Development, Part 2
The Housing Question
Thanks to his book, “The
Condition of the Working Class in England”, Frederick Engels is,
among many other things, considered to be the father of modern urban studies
and town planning.
Therefore one might approach another of
his books, “The Housing Question”
(part of it is attached) expecting answers to that same housing question. One
might hope for instructions about what to build. One might expect sermons about
“delivery”, or even model house-plans. Instead, one finds severe polemic
about very fundamental issues of class struggle. Why is this?

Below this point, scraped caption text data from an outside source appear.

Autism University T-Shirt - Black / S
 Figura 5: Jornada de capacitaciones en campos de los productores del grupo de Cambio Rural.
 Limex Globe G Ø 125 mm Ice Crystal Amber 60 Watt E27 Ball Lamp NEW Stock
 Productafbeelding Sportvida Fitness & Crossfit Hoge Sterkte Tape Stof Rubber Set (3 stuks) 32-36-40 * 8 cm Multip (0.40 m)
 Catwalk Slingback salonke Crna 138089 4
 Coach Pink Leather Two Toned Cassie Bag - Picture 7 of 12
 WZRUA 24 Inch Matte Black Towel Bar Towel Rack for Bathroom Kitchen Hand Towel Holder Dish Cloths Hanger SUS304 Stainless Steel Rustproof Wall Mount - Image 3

It may help to first examine what polemic is. Engels begins the
attached text with references to his opponent Mulberger, who had complained
that Engels had been blunt to the point of rudeness. Engels concedes little
more than sarcasm:
“I am not going to
quarrel with friend Mulberger about the ‘tone’ of my criticism. When one has
been so long in the movement as I have, one develops a fairly thick skin
against attacks, and therefore one easily presumes also the existence of the
same in others. In order to compensate Mulberger I shall try this time to bring
my ‘tone’ into the right relation to the sensitiveness of his epidermis.”
But later, admitting that he had
misrepresented Mulberger on a particular (quite small) point, Engels lambastes
himself as “irresponsible”.
“This time Mulberger
is really right. I overlooked the passage in question. It was irresponsible of
me to overlook it…”
The rules of polemic are roughly these: It
is done in writing. It is always against another named individual’s writing. It
is direct and frank and pays little regard for bourgeois squeamishness; on the
other hand, it pays the utmost respect to the meaning of the opponent’s words.
Opponents in polemic never misrepresent each other. Everything is permissible,
except misrepresention.
Development is class struggle
After his remarks about “Mulberger”,
Engels goes straight into a long paragraph (the second half of page 1, going
over to page 2) that contains a summary of theory and practice, vanguard and
mass, from the 1840s up until his point of writing, just one year after the
fall of the Paris Commune. The paragraph mentions “the necessity of the political
action of the proletariat and of the dictatorship
of the proletariat as the transitional stage to the abolition of classes
and with them of the state.”
This is the Communist Manifesto all over
again. So, we can ask, why does Engels “go to town” to this extent? Is this not
merely “housing” we are talking about? Is not housing something that everybody
needs? Classless, surely? A win-win situation? Motherhood and apple-pie?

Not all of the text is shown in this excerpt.